Aim of the task
Every entry that follows is to be set down exactly, with its pictures omitted.

BEGIN

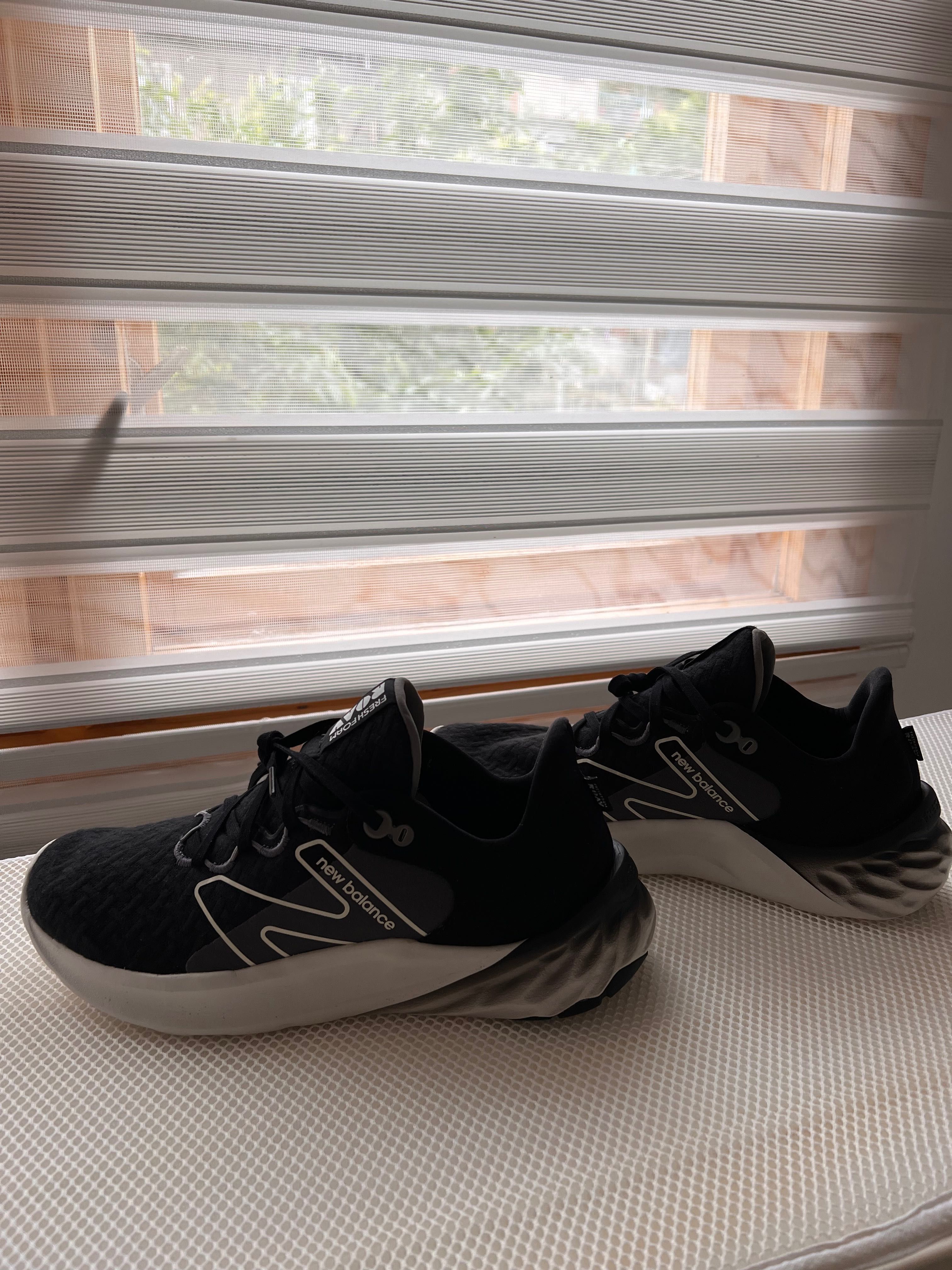 New Balance - Обувки за бягане Fresh Foam ROAV v2, Черен, Сив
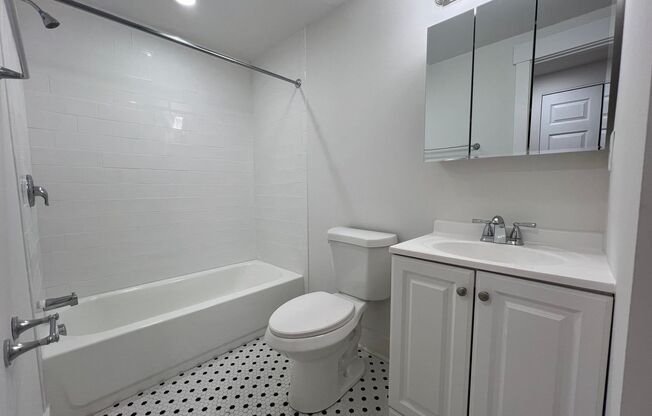 2 beds, 1 bath, 750 sqft, $1,980, Unit 5637 Hobart St. #4
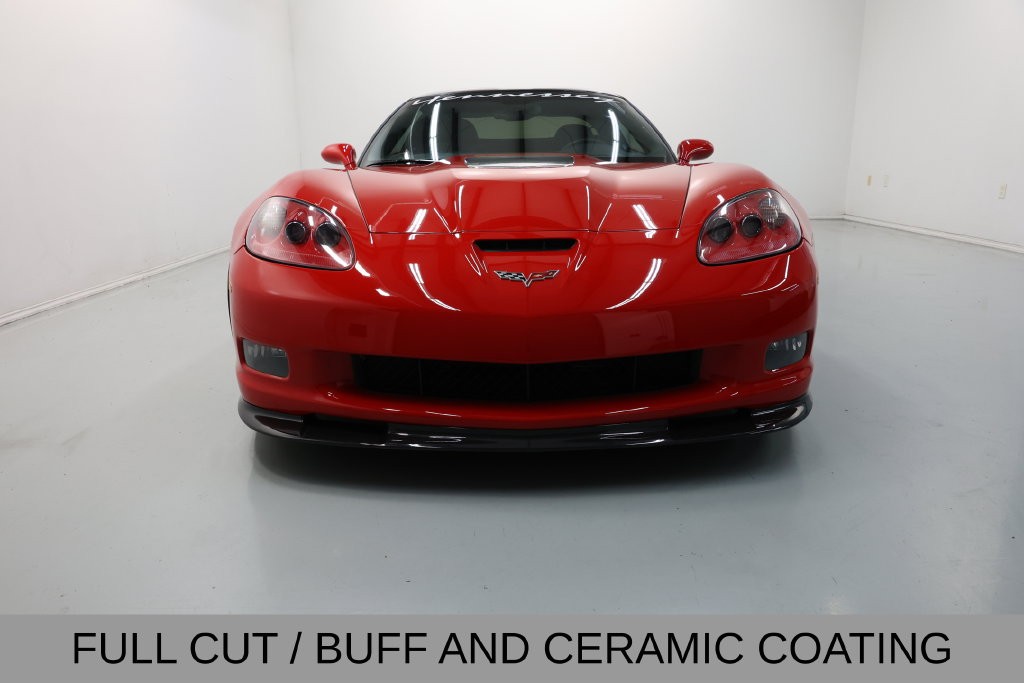 Chevrolet Corvette Vehicle Full-screen Gallery Image 08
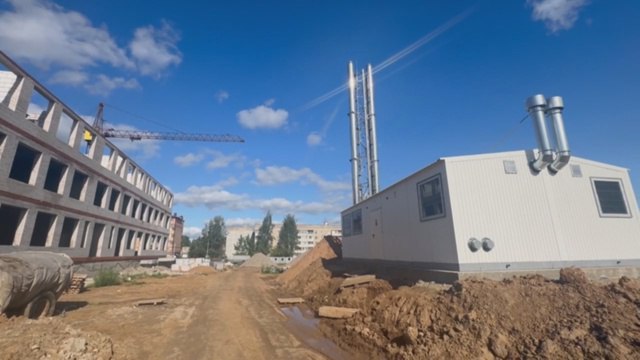В Красном на Волге для новой школы установили газовую котельную и смонтировали оборудование Коробка здания учебного заведения на 500 мест почти готова строители заканчивают кирпичную кладку стен третьего этажа и перегородок скоро начнётся монтаж кровли и установка окон После подачи тепла стартуют внутренние отделочные работы Подрядчик идёт с опережением графика завершение строительства планируется в следующем году Открытие новой школы позволит отказаться от обучения в две смены и обеспечит детям комфортные условия для учёбы Им не придётся ездить на занятия в соседние сёла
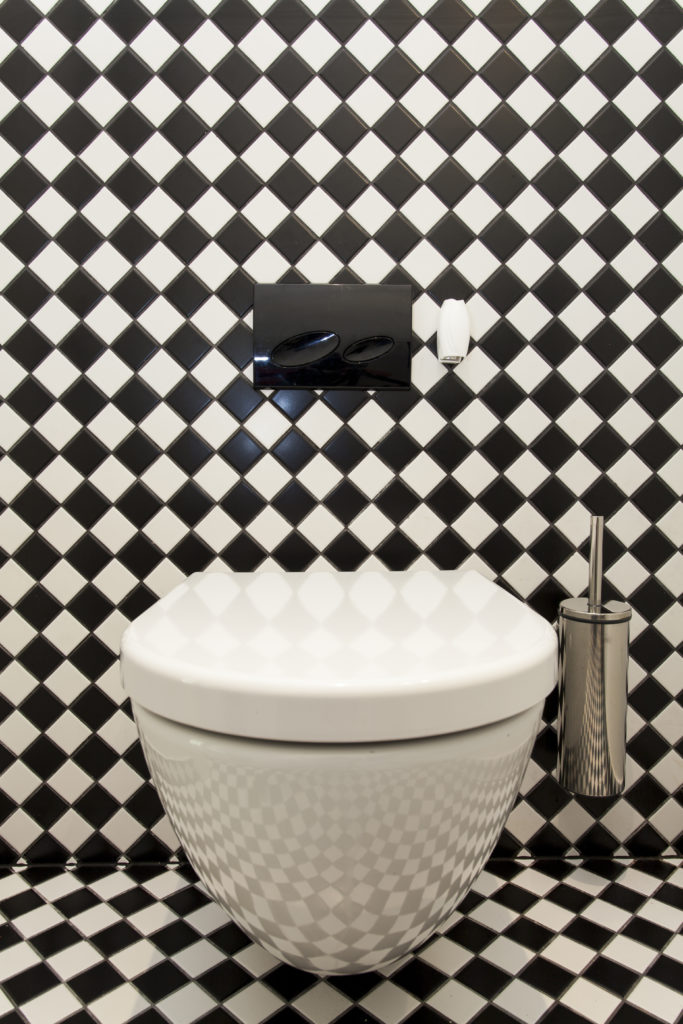 WC-murs-sol-mosaïques-noires-blanches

END

Answer to this problem
 New Balance - Обувки за бягане Fresh Foam ROAV v2, Черен, Сив
 2 beds, 1 bath, 750 sqft, $1,980, Unit 5637 Hobart St. #4
 Chevrolet Corvette Vehicle Full-screen Gallery Image 08
В Красном на Волге для новой школы установили газовую котельную и смонтировали оборудование Коробка здания учебного заведения на 500 мест почти готова строители заканчивают кирпичную кладку стен третьего этажа и перегородок скоро начнётся монтаж кровли и установка окон После подачи тепла стартуют внутренние отделочные работы Подрядчик идёт с опережением графика завершение строительства планируется в следующем году Открытие новой школы позволит отказаться от обучения в две смены и обеспечит детям комфортные условия для учёбы Им не придётся ездить на занятия в соседние сёла
 WC-murs-sol-mosaïques-noires-blanches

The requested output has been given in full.